Pionieren in de Anna Paulownapolder

Landverhuizers uit de Betuwe waren de eerste bewoners van de in 1846-1847 drooggevallen Anna Paulownapolder. De arbeidershuisjes in de 'Geldersche buurt' aan de Molenvaart bij Breezand waren tot voor kort de stille getuigen van het leven van deze pioniers, die in het 'Amerika van het noorden' onder barre omstandigheden het hoofd boven water moesten houden. De Anna Paulownapolder, ruim 5000 ha groot, was een van de laatste polders in Nederland die met particulier geld werd bedijkt en ingericht. Onder de geldschieters waren de vooraanstaande Noord-Hollandse families Van Foreest en Loopuyt, evenals koning Willem II. De polder werd vernoemd naar de Russische gemalin van de vorst, Anna Paulowna Romanova.

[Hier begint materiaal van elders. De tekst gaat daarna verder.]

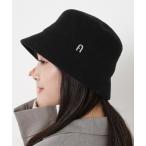 帽子 ハット バスクハット ”ロゴ チャーム付き” レディース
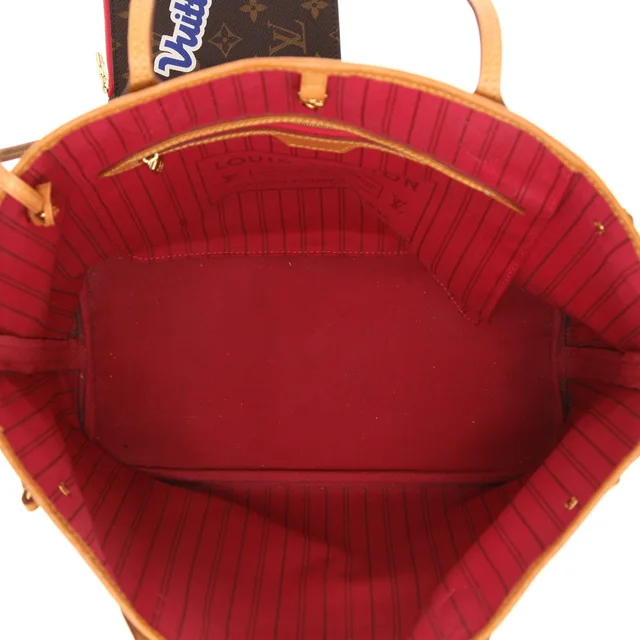 Louis Vuitton Neverfull Limited Edition medium-sized tote bag in Brown Coated canvas from Collector Square, photo 4 of 5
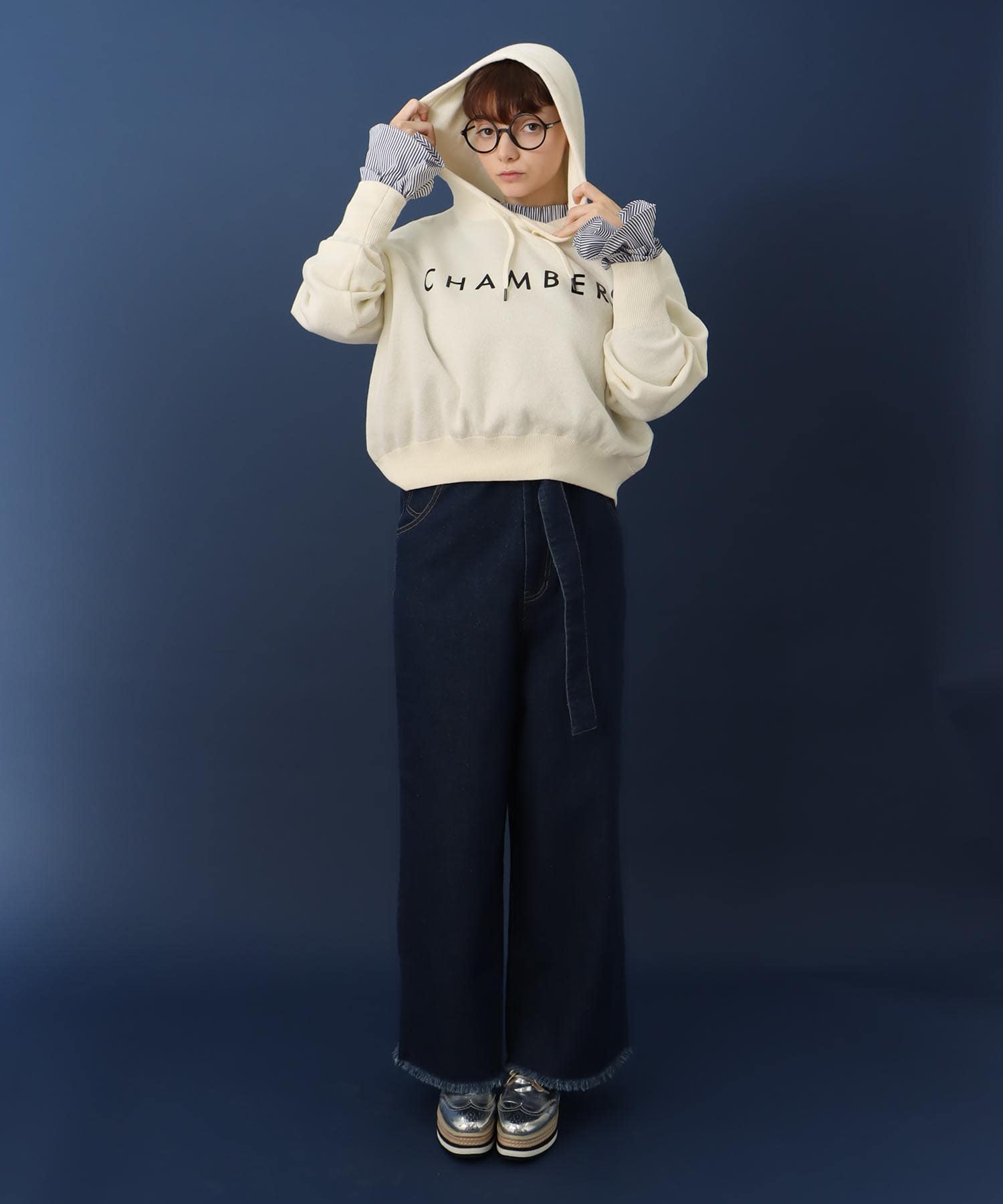 スエットライクロゴパーカー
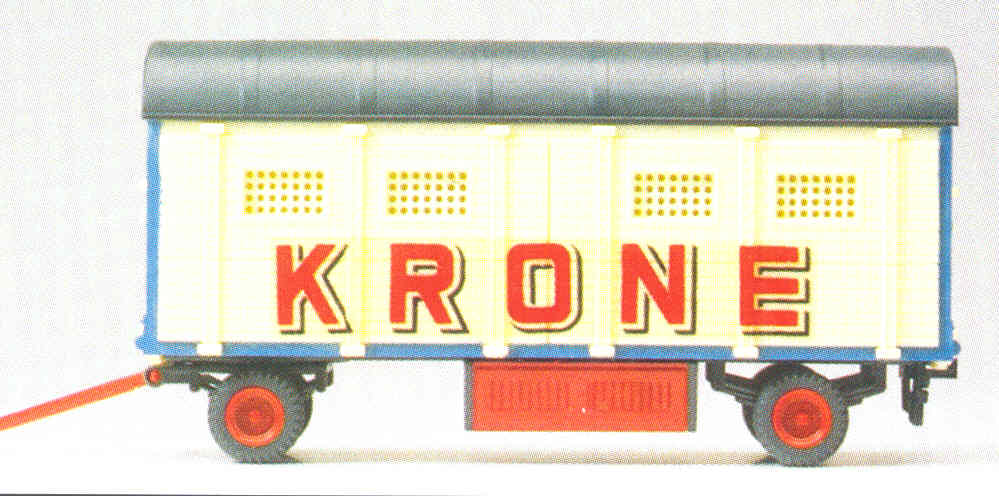 Preiser 21018 HO Circus Krone Animal Wagon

Aan de komst van de Gelderse kolonisten is de naam verbonden van Ottho Gerhard Heldring, predikant in Hemmen in de Betuwe. In zijn dorp werd hij geconfronteerd met de schrijnende armoede onder zijn gemeenteleden, als gevolg van een rampzalige uitbraak van de aardappelziekte. Het had hem op de gedachte gebracht dat armoede en leegloperij het beste bestreden konden worden door migratie van werklozen naar plaatsen waar wél werk was. Zijn noodkreet in de krant werd gelezen door jonkheer Van Foreest, die er in de Anna Paulownapolder niet in slaagde voldoende gegadigden te vinden voor de arbeidershuisjes die hij alvast had laten bouwen. De heren vonden elkaar. Heldring haalde vijfentwintig 'der arbeidzaamste en degelijkste gezinnen' uit zijn gemeente over om zich op het nieuwe land te vestigen. De goedbedoelende dominee begeleidde de eerste groep kolonisten persoonlijk naar het verre noorden. Er zouden meer groepen volgen. Eind 1847 waren er al veertig Gelderse huisgezinnen.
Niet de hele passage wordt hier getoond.